##### DATA FOR PROCESSING

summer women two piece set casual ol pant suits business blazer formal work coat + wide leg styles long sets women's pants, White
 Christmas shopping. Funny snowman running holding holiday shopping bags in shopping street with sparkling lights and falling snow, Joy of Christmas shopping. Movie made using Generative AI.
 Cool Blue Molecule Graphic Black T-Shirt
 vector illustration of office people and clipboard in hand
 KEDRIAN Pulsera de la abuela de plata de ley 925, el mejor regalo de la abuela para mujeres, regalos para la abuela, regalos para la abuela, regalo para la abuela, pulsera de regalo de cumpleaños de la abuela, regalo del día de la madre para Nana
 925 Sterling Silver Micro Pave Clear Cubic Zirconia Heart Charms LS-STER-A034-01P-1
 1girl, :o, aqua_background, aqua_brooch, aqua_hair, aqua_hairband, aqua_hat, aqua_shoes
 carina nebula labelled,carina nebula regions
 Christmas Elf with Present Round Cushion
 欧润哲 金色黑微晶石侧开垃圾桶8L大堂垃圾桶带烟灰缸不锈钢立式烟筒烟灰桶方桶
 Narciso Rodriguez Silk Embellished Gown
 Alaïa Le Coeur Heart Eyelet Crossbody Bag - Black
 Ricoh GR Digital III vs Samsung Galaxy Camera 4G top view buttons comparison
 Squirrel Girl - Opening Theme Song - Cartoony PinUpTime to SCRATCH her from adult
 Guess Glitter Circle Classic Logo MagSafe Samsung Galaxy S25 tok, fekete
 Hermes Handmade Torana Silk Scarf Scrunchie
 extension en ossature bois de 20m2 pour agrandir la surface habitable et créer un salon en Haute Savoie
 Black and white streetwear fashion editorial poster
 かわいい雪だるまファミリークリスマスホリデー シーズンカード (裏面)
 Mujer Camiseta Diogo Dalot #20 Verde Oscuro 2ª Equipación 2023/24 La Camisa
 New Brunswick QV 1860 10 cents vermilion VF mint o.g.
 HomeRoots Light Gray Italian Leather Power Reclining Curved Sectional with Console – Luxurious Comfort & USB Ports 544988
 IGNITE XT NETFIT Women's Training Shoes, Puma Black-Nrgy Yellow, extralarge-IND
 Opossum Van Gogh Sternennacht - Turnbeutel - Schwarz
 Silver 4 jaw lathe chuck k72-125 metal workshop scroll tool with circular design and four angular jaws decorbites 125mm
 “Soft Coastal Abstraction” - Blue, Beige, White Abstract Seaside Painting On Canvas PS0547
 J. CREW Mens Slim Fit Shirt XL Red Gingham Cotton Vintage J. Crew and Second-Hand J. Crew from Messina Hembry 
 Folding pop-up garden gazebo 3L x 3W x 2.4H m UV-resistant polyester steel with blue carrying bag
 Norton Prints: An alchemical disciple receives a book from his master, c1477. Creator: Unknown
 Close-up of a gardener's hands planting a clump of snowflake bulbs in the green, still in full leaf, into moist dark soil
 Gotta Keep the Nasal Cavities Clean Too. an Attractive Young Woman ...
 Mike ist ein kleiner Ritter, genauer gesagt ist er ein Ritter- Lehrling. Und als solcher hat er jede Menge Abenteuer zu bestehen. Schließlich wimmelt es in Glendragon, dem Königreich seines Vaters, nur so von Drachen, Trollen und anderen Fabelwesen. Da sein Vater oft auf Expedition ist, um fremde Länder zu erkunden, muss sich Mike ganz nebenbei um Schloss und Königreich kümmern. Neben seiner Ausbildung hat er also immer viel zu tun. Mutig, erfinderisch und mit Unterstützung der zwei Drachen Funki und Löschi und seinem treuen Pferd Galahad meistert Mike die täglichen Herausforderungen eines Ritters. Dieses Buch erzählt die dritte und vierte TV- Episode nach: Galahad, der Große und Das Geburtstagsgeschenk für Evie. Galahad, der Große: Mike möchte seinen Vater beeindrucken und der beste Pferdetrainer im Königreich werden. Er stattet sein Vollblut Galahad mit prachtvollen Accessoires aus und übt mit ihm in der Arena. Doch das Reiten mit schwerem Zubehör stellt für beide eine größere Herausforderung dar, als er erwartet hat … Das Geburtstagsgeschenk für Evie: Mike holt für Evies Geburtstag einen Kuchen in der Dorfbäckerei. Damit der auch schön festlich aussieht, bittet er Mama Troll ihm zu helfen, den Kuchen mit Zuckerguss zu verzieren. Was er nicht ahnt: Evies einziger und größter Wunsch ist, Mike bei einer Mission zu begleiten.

##########

YOUR ASSIGNMENT ->
Reproduce, word for word and in full, only the lines above that start at the line with "carina nebula labelled,carina nebula regions" and run through the line with "Gotta Keep the", both ends included.

TASK OUTPUT ->
 carina nebula labelled,carina nebula regions
 Christmas Elf with Present Round Cushion
 欧润哲 金色黑微晶石侧开垃圾桶8L大堂垃圾桶带烟灰缸不锈钢立式烟筒烟灰桶方桶
 Narciso Rodriguez Silk Embellished Gown
 Alaïa Le Coeur Heart Eyelet Crossbody Bag - Black
 Ricoh GR Digital III vs Samsung Galaxy Camera 4G top view buttons comparison
 Squirrel Girl - Opening Theme Song - Cartoony PinUpTime to SCRATCH her from adult
 Guess Glitter Circle Classic Logo MagSafe Samsung Galaxy S25 tok, fekete
 Hermes Handmade Torana Silk Scarf Scrunchie
 extension en ossature bois de 20m2 pour agrandir la surface habitable et créer un salon en Haute Savoie
 Black and white streetwear fashion editorial poster
 かわいい雪だるまファミリークリスマスホリデー シーズンカード (裏面)
 Mujer Camiseta Diogo Dalot #20 Verde Oscuro 2ª Equipación 2023/24 La Camisa
 New Brunswick QV 1860 10 cents vermilion VF mint o.g.
 HomeRoots Light Gray Italian Leather Power Reclining Curved Sectional with Console – Luxurious Comfort & USB Ports 544988
 IGNITE XT NETFIT Women's Training Shoes, Puma Black-Nrgy Yellow, extralarge-IND
 Opossum Van Gogh Sternennacht - Turnbeutel - Schwarz
 Silver 4 jaw lathe chuck k72-125 metal workshop scroll tool with circular design and four angular jaws decorbites 125mm
 “Soft Coastal Abstraction” - Blue, Beige, White Abstract Seaside Painting On Canvas PS0547
 J. CREW Mens Slim Fit Shirt XL Red Gingham Cotton Vintage J. Crew and Second-Hand J. Crew from Messina Hembry 
 Folding pop-up garden gazebo 3L x 3W x 2.4H m UV-resistant polyester steel with blue carrying bag
 Norton Prints: An alchemical disciple receives a book from his master, c1477. Creator: Unknown
 Close-up of a gardener's hands planting a clump of snowflake bulbs in the green, still in full leaf, into moist dark soil
 Gotta Keep the Nasal Cavities Clean Too. an Attractive Young Woman ...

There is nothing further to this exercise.